Political heavyweights back Harmon’s Shelton mayoral bid

Photo of Brian Gioiele

Some high-powered Democrats visited Shelton Sunday, Aug. 25, to put their political muscle behind their local counterparts' push to unseat Republican Mayor Mark Lauretti, who is seeking his 15th term.

U.S. Sen. Richard Blumenthal and Lt. Gov. Susan Bysiewicz stopped by the Shelton Democratic Town Committee’s Meet the Candidates event at the home of Elaine Matto - who is running for Planning & Zoning herself — to back mayoral candidate John Harmon and the Shelton Democratic ticket.

“You have a wonderful candidate for mayor in John Harmon,” said Bysiewicz. “It is not often you have an opportunity to have someone want to lead a town who has worked for two Fortune 500 companies, who has been a very successful business executive, who is very community-spirited and who has the vision to move Shelton forward.

“I can’t for the life of me understand why this city has been stuck in reverse for 28 years,” added Bysiewicz, “but we have the opportunity, not only with John’s leadership but also with this amazing team of people who want to be part of a new administration.”

Bysiewicz asked the large gathering to get the word out to their network of friends and colleagues “so that we can get new leadership here. This town really deserves it.”

Blumenthal called Harmon competent, energetic and committed with the necessary business and nonprofit experience to bring real change to Shelton leadership.

“I’m not going to say anything bad about Mark Lauretti,” said Blumenthal, “because I do not think I have to. He has demonstrated that he is interested in other jobs, and I think he should be interested in other jobs.
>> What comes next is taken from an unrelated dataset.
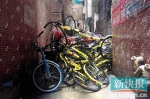 ■城中村内乱停放的共享单车时常影响了当地商户经营和居民生活。 - 新浪广东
The people of Shelton, I think, will decide they are going to bless him with their approval to seek other jobs because John Harmon is not only an alternative, but he is a good alternative.”

Blumenthal was referring to Lauretti’s recent failed attempts to run for governor as well as his often-suggested consideration of running for mayor of Bridgeport.

"I’m looking forward to coming back and working for (Harmon), and I’m looking forward to coming back for a great big victory party,” added Blumenthal.

Harmon thanked the pair for their support, agreeing that it was time for a change in City Hall.

"(Lauretti) has been in this office for 28 years, and he is convinced that his signal issue message on taxes is enough for the voters,” said Harmon. “But when I see the Board of Education sued by the city, with taxpayer money paying the attorney’s fees, that makes me angry."

Harmon also said he was disappointed that Lauretti has turned the Board of Apportionment & Taxation and Board of Aldermen into “token players” in the budget process, with the mayor truly controlling the final numbers. Harmon said he has the vision to change this approach.

"When you only talk about taxes, you don’t have to have a vision,” said Harmon, “but Shelton, as good as it is, can be better. Its schools can be better. Its parks, recreation facilities and public buildings can be better. Its downtown can be better. There is no plan around that right now … no vision for we want Shelton to be. It’s all year to year.”

Harmon said, if elected, he would establish open, transparent government operations, with performance rules for city government and measures to aid in understanding if goals has been met. He also plans to establish a better working relationship with the Board of Education.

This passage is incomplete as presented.